If you recall the antenna theory that you should have picked up in your Basic course, you know that the orientation (horizontal, vertical or somewhere in between) of an antenna will affect its radiation pattern. Much like bouncing a ball off a wall. The greater the angle, the greater the distance the ball bounces away from you. Throw it straight at the wall and it should come pretty close to you on its way back. The same general idea applies to the NVIS antenna. If we cause the RF wave to travel nearly straight up or at a slight angle, it will reflect off the ionospheric layers and come back close to our point of origin. So, if we want to communicate on HF with stations within about 1,500 Kms, we use an antenna that radiates primarily straight up. A DXer on the other hand prefers to talk to stations far away, with a few hops, the farther the better, so DX antennas radiate at angles primarily horizontally to bounce and skip back off the ionosphere for the greatest distance. 

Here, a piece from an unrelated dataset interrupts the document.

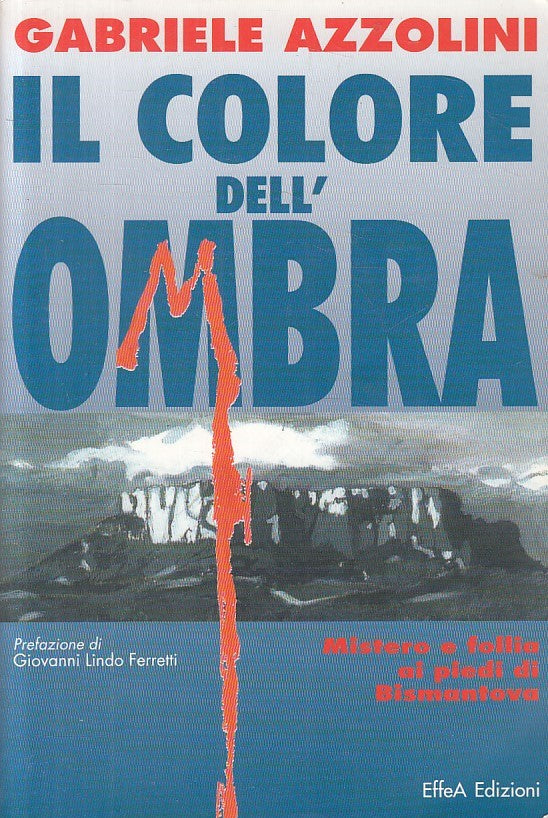 LN- IL COLORE DELL'OMBRA - GABRIELE AZZOLINI - EFFEA --- 2003 - B - ZFS51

So, the NVIS antenna is one that provides the majority of its radiation at an extremely high angle. That is to say the major lobe is between 75 and 90 degrees to the earth's surface. This will provide excellent omni-directional communication out to a distance of up to about 1,500 Kms with no skip. The maximum frequencies involved will be as low as 1.8 MHz under very poor conditions to as high as 14 MHz under excellent conditions, with the most usable being between 3.5 MHz (80M) and 7.3 MHz (40M).

To summarize, NVIS works for frequencies lower than the vertical incident critical frequency—the highest frequency for which signals transmitted vertically are reflected back down by the ionosphere.  At or below the critical frequency the ionosphere will reflect an incident signal arriving from any angle, including straight up. Because the critical frequency is low, you must usually operate 40, 80 or 160 meters or possibly 30 meters to use NVIS propagation.

Under most conditions you can easily obtain coverage on one of these bands from zero to 350 miles or more with no skip zones. On 75 meters with 100 W and an antenna 15 feet high, contacts with stations over 1000 miles away with excellent signal reports are not uncommon. 

These are the characteristics we look for in an emergency-ready HF antenna for distances up to about 1,000 miles… No skip, easy set-up and take down and reasonably reliable communications.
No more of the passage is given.